Like organic meat and poultry, kosher meats and poultry are hormone-free.
Joseph Azizi, a co-owner of Santa MonicaKosher Market in West Los Angeles, said the meat scare had brought new Latino and Japanese customers from the surrounding neighborhood. He said sales had risen about 30% recently, noting that the regional supermarket labor strike, which has sent some people in search of new places to shop, was another possible factor in the upswing in business.
After reports of mad cow disease in Washington, Azizi hoisted a yellow and red banner above the storefront that reads: "Don't Get 'Mad' Get Kosher / Kosher Meat Is Safe." That sign reassured some existing customers and brought in non-Jewish customers along with non-kosher Jews.
Because kosher dietary laws prohibit the mixing of meat and milk products, kosher food labeling is particularly rigorous. Foods are categorized as meat, dairy or pareve — a neutral category containing neither meat nor dairy. The meticulous labeling has helped drive a steady 15% annual growth in the U.S. market for kosher products, according to market research firms that monitor the kosher food industry. Among the buyers: vegetarians who know that certified products don't contain hidden meat products; people with lactose intolerance who must avoid hidden milk products; Muslims, Hindus and Seventh-day Adventists whose dietary prohibitions overlap with kosher laws; and the growing group of Americans choosing kosher foods as a more healthful alternative.
National supermarket chains, which sell roughly three-fourths of the nation's kosher products, are increasing their kosher offerings to meet this growing demand.
Menachem Lubinsky, editor of Kosher Today, a New York-based newsletter, said the number of certified kosher products had soared from 16,000 in 1977 to 80,000 today, including such well-known food items as Oreo cookies. He said about a third of all supermarket items were certified kosher. In 2003, kosher foods comprised about $170 billion of the $500 billion in U.S. food sales.
"Our non-Jewish customers are seeing the health benefits," said Terry O'Neil, a spokesman for Ralphs Grocery Co. in Compton, which has kosher butchers in eight of its stores, with plans to add more. "As we've expanded the departments to a lot of new stores, we've seen an increase in the cross-section of our customers purchasing kosher."

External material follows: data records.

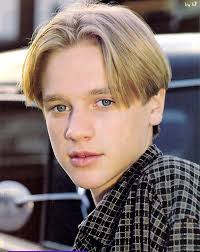 Anyone else remember being in love with Devon Sawa?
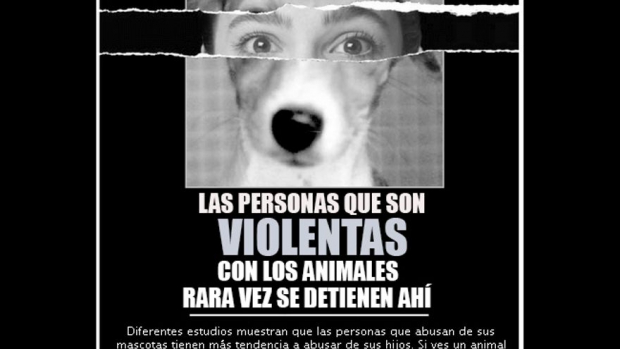 Cartel de una campaña de la ONG Personas por el Trato Ético de los Animales (Peta) en España, para alertar del vínculo entre el maltrato a los animales y otros tipos de violencia.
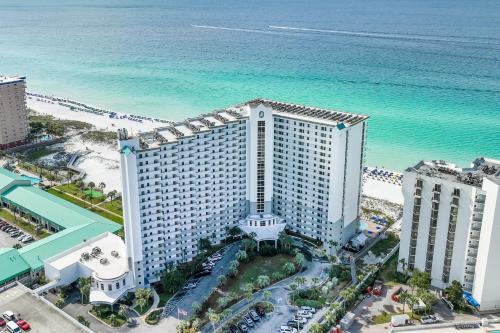 Destin Apartamento | Pelican Beach Resort by Tufan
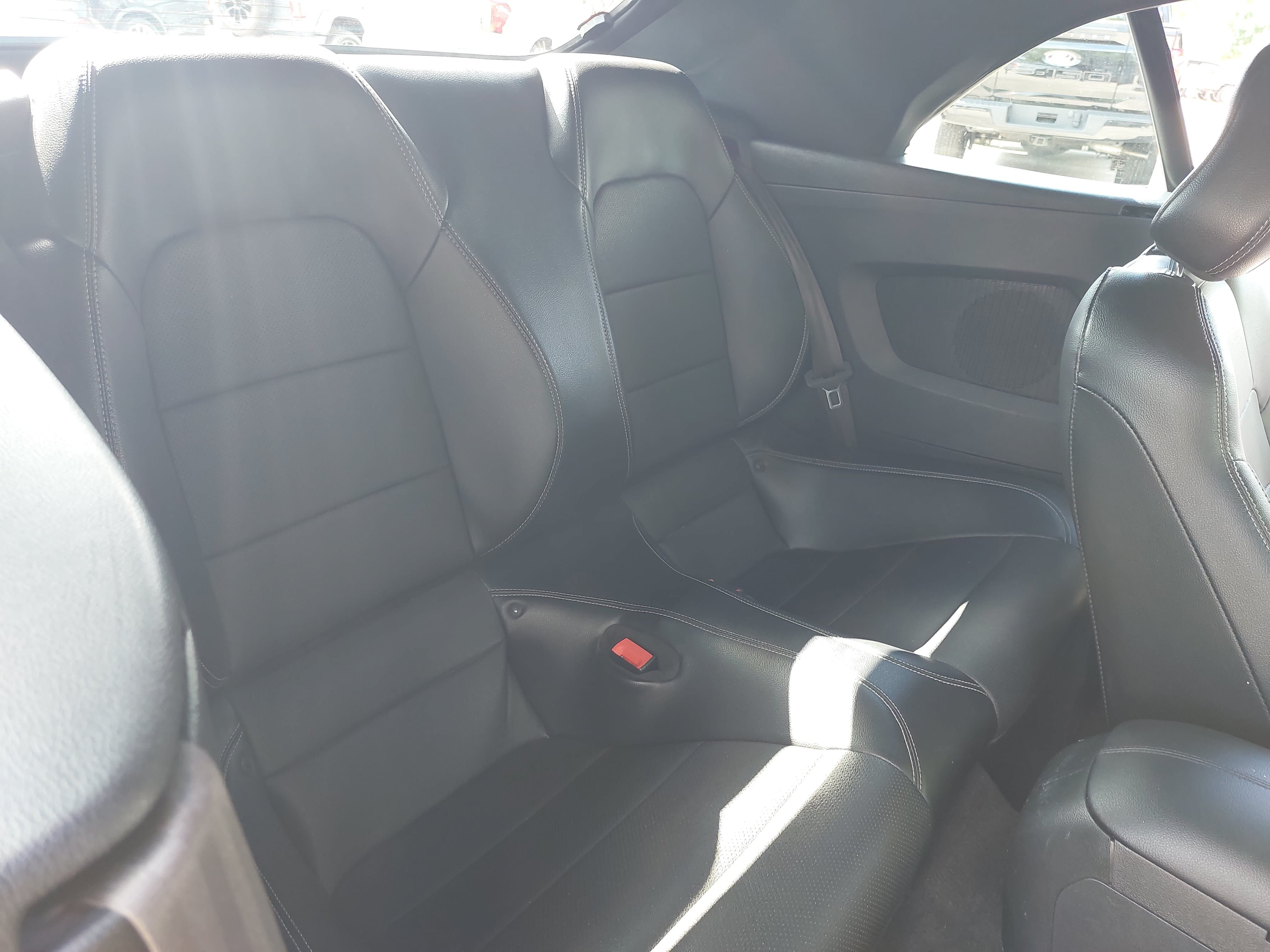 Used 2020 Ford Mustang Premium RWD image 11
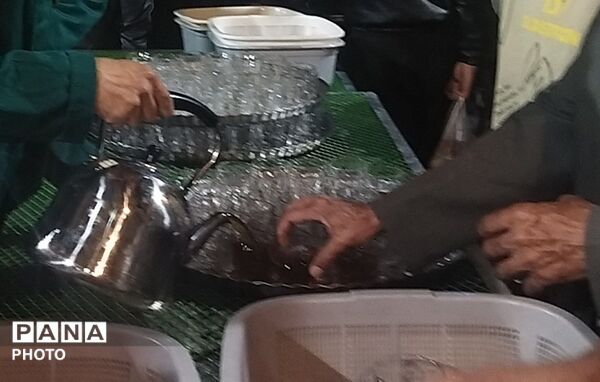 برای هفتاد و دومین بار چایخانه فاطمه الزهرا میزبان وطن دوستان نیشابوری 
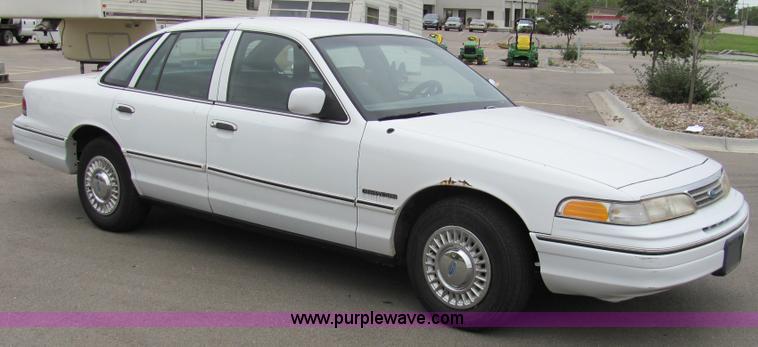 image for item 2414 1993 Ford Crown Victoria Police Interceptor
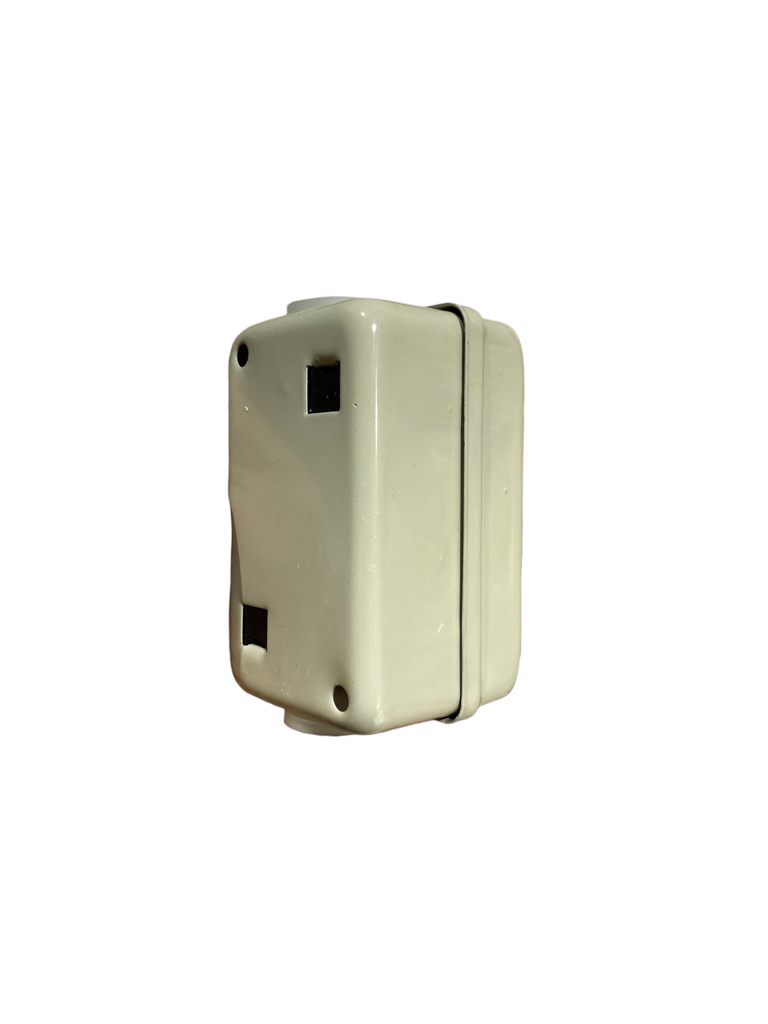 INTERRUPTOR ON-OFF 15A BS216B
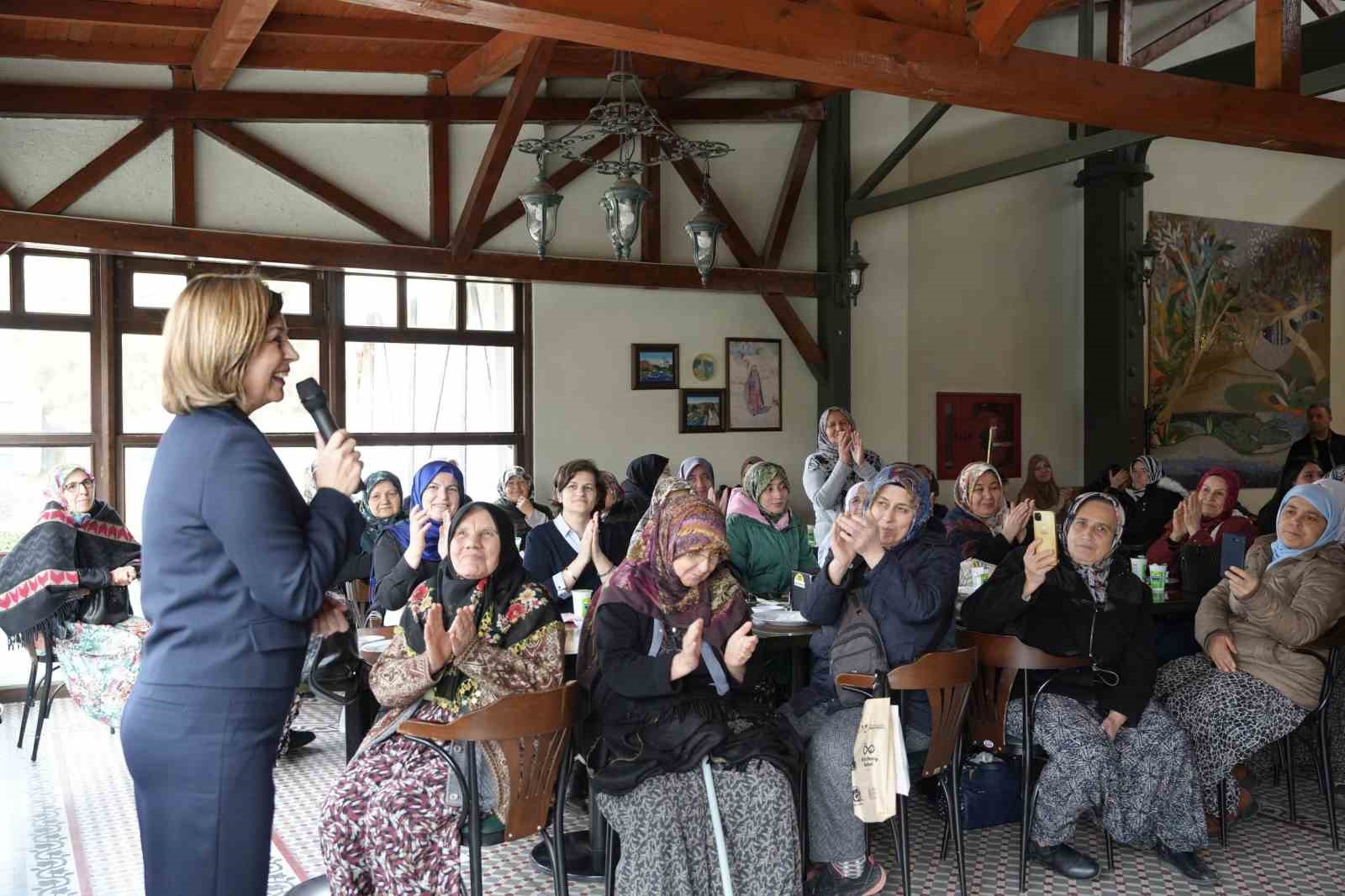 baskan-unluce-mihalgazili-kadinlarla-bulustu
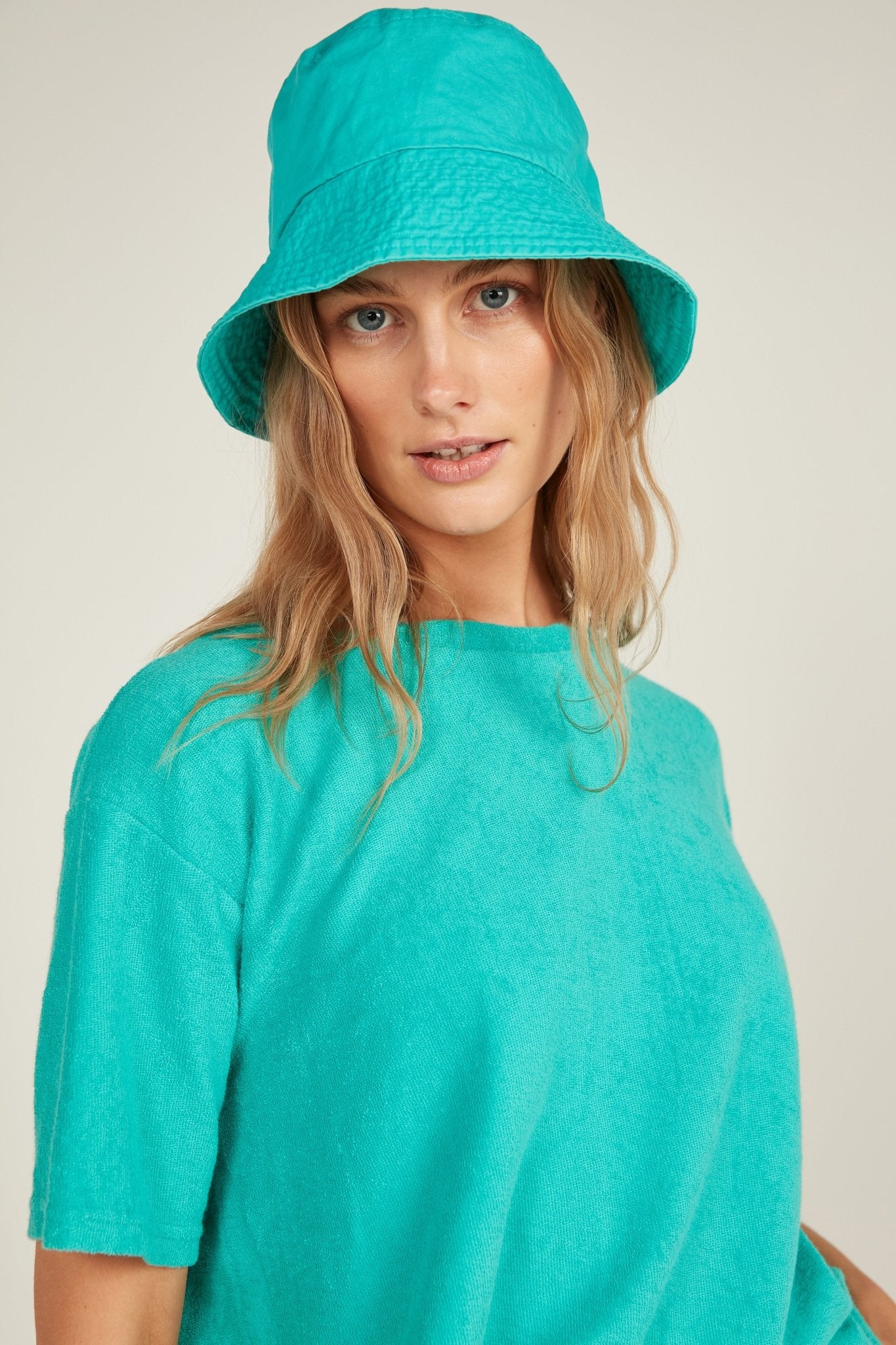 PEACHES BUCKET HAT - TURQUOISE - Primness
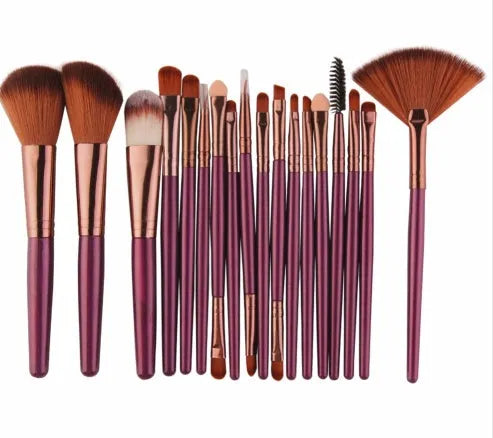 MAANGE 18-piece makeup brush set with fan-shaped tools displayed, showing one of 20 available style options.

Rabbi Eliezer Eidlitz, director of the Kosher Information Bureau in North Hollywood, has noticed the change among people who sign up for supermarket tours that his organization sponsors. The tour groups, which used to cater almost exclusively to Orthodox Jews, now include a lot of people who are not Jewish.
Strict dietary laws govern certification
To be certified kosher, animals must be raised, killed and processed according to strict Jewish dietary law. Symbols of kosher certification include the letter K, often in combination with other symbols, or a U surrounded by a circle. The word "pareve" on a label means that the food contains neither meat nor dairy products.
Kosher poultry cannot show any signs of being pecked, sick or injured. The birds are killed with a slit to the neck, allowing the blood to drain out. They're never plunged into hot water (a theoretical source of bacterial contamination), but are washed in cold water before being soaked, salted and washed again. Experts in the koshering process say the extensive use of salt helps kill bacteria.
To be kosher, cows must be younger than 30 months. Dairy cows are never used. Kosher laws preclude using a stun gun or a bullet to the brain, which could scatter brain and nerve tissue (a source of mad cow disease). The animal must be hand-slaughtered by slitting its neck. Religious inspectors look for signs of broken bones, disease or scarred or punctured organs, which disqualify the animal. Downer cattle are never used, and about only 40% of healthy cattle qualify as kosher. Meat can be taken from only the forequarters; it is then soaked and salted to draw out the blood.